The idea was to implement a Bayesian filtering algorithm to detect spam. This type of algorithms requires initial training using a body of existing messages comprising both spam and non-spam where you tell it which is which. By doing that, it will build a corpus of know good data and a corpus of known spam data. It will then use that stored information to score incoming messages. The resulting score is a probability between 0 and 1 of the message being spam (in practice the probability is between 0.01 and 0.99 because you can never be completely sure). After that, each time the algorithm gets its decision wrong, the user has the ability to correct it and it will learn from the correction. This is exactly the sort of algorithms that is implemented in popular email clients like Mozilla Thunderbird.
In order to train the filter, we had a file containing 5500 SMS messages, some spam, some ham. So in order to see how good the filter was, I decided to do the following:
- Train the filter on the first few hundred messages in the file;
- The score the remainder of the file and see for each score whether it correctly identified the message as ham or spam.
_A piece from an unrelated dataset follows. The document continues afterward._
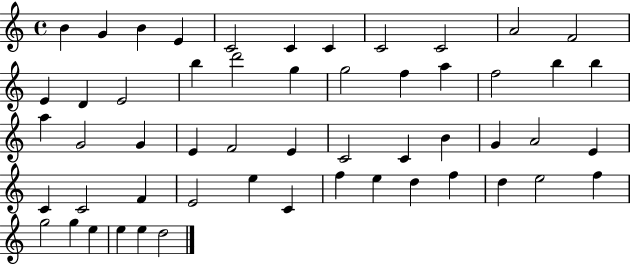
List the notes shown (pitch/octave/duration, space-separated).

B4/q G4/q B4/q E4/q C4/h C4/q C4/q C4/h C4/h A4/h F4/h E4/q D4/q E4/h B5/q D6/h G5/q G5/h F5/q A5/q F5/h B5/q B5/q A5/q G4/h G4/q E4/q F4/h E4/q C4/h C4/q B4/q G4/q A4/h E4/q C4/q C4/h F4/q E4/h E5/q C4/q F5/q E5/q D5/q F5/q D5/q E5/h F5/q G5/h G5/q E5/q E5/q E5/q D5/h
The main factor that influences how such a filter works is the way the message is broken into individual tokens. The simplest algorithm is to break the message into words. Some words will be used mainly in spam messages, others mainly in innocent messages and yet others in both. Using 5% of the file for training and the remainder for scoring and applying that simple tokenizing algorithm, I got the following statistics:
- Correct guesses: 72.03%
- Neutral score (doesn't know if it's spam or ham): 25.68%
- False positives (identified as spam when it is ham): 1.74%
- False negatives (identified as ham when it is spam): 0.55%
That's not bad for a basic algorithm! So I decided to apply three additional tokenizing techniques on top of the core one and see what would happen:
- The first technique consists in adding word pairs in addition to individual words. The logic behind this is that words like fantastic and offer may not be typical of spam on their own but the combination fantastic offer may be.
- The second technique consists in adding the lowercase version of every word to the list of tokens in an attempt to see if weird capitalisation would catch spammers out.
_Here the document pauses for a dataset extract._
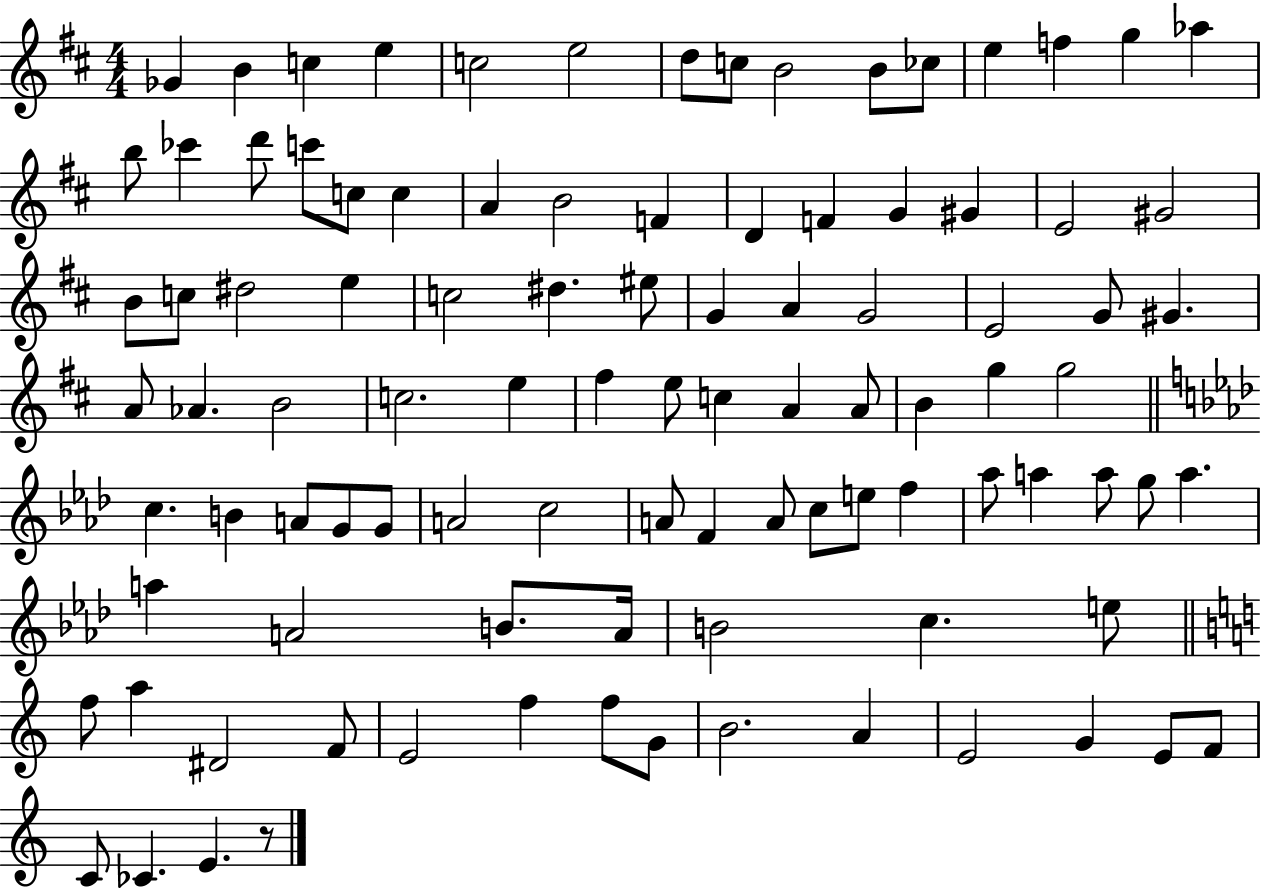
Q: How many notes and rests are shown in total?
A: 99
- The third one is a combination of the first two.
The results show that word pairs seem to be better than capitalisation but both together are even better.
However, this is not the whole story. The important metric is the bad stuff that ends up in the user's inbox as well as the good stuff that gets rejected. The former is composed of two parts: messages that the filter considered good when in fact they should have been caught as spam (false negatives) and messages that had a neutral score that are in fact spam (bad neutral). The latter is messages that the filter marked as spam when in fact they are good (false positives). Looking at those metrics, the result is not great.
False positives increase slightly with word pairs and quite significantly when introducing capitalisation variation. This may mean that a lot of legit users actually capitalise their messages like spammers. So not such a good algorithm after all.
One aspect of spam is that it is better to have false negatives than false positives. That is, it is better to have a bit of spam in the user's inbox but not block legit messages by mistake. So one typical way to do this is to introduce some bias into the algorithm to give a bit more weight to positive probabilities. Compared to the basic algorithm, it definitely cuts into false positives.
The Impact of Training
An interesting statistic is to see how much training the algorithm makes a difference. So I decided to compare the baseline where 5% of the file is used for training to a version where 10 of the file is used for training.
And of course, a well trained biased algorithm returns some decent numbers too when compared to the baseline.
The strength of statistical algorithms like Bayesian filtering is that it learns from the mistakes it does and it doesn't matter if spammers change their wording, the algorithm will adapt. This is demonstrated by the reasonably high rate of success reached by a very basic implementation of the technique with training on a few hundred messages.
In order to improve the efficiency of such an algorithm, there are a few options:
- Include message meta-data such as sender and recipient details, in addition to the message text: this would also be a first step to identify spammers in addition to spam, which was one of the aims of the hack.
- Use advanced tokenization techniques such as sparse binary polynomial hashing.
- Use Markovian discrimination rather than Bayesian filtering.
All those improvements would come at the cost of increased complexity and processing power requirements so may not all be practical.